Mike Dalessio - Rails::HTML5: the strange and remarkable three-year journey - Rails World 2023

Here is your meta description: "Join Mike Dalessio as he shares the story of his three-year journey developing Rails::HTML5, exploring the complexities of HTML5 parsing and the challenges of building a reliable and secure HTML sanitizer."

Key takeaways
  • The HTML5 parser is complex and has many modes, making it hard to work with.
  • The Rails HTML sanitizer is designed to be a Swiss Army knife, handling various parsing contexts.
  • The parser should handle parsing correctly, and then sanitize the result.
  • The Rails HTML sanitizer uses a stack-based approach to parsing, making it efficient and flexible.
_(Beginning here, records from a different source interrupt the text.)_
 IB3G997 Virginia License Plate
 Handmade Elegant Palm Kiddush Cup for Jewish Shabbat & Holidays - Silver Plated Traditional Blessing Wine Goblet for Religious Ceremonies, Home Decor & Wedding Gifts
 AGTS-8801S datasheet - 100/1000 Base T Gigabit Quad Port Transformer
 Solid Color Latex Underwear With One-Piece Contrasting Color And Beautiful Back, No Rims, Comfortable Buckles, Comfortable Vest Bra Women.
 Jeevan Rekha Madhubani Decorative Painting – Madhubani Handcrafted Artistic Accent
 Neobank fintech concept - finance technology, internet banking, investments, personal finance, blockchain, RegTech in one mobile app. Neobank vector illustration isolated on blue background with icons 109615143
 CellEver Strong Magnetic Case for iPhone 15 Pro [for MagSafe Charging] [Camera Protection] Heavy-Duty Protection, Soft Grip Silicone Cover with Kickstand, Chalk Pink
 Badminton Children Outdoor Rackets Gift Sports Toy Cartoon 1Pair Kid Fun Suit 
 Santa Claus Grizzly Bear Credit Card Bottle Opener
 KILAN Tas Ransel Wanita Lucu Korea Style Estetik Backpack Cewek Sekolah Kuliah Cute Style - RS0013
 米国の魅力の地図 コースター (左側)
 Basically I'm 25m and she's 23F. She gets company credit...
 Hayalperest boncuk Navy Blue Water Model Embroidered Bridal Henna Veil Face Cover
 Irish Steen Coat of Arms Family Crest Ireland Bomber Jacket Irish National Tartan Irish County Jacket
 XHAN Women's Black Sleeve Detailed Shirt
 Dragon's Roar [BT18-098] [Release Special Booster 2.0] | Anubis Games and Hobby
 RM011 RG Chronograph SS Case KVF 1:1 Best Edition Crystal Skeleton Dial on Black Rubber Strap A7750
  • The spec gives no guidance on error correction, making it hard to implement a parser.
  • The parser should handle malformed HTML and provide a way to correct the markup.
  • The spec is a living standard, and browsers are evolving to implement it.
  • The Rails HTML sanitizer uses libxml2 and nokigiri to implement HTML5 parsing.
  • The parser should handle SVG and math tags correctly.
  • The spec is ambiguous, and browsers may implement it differently.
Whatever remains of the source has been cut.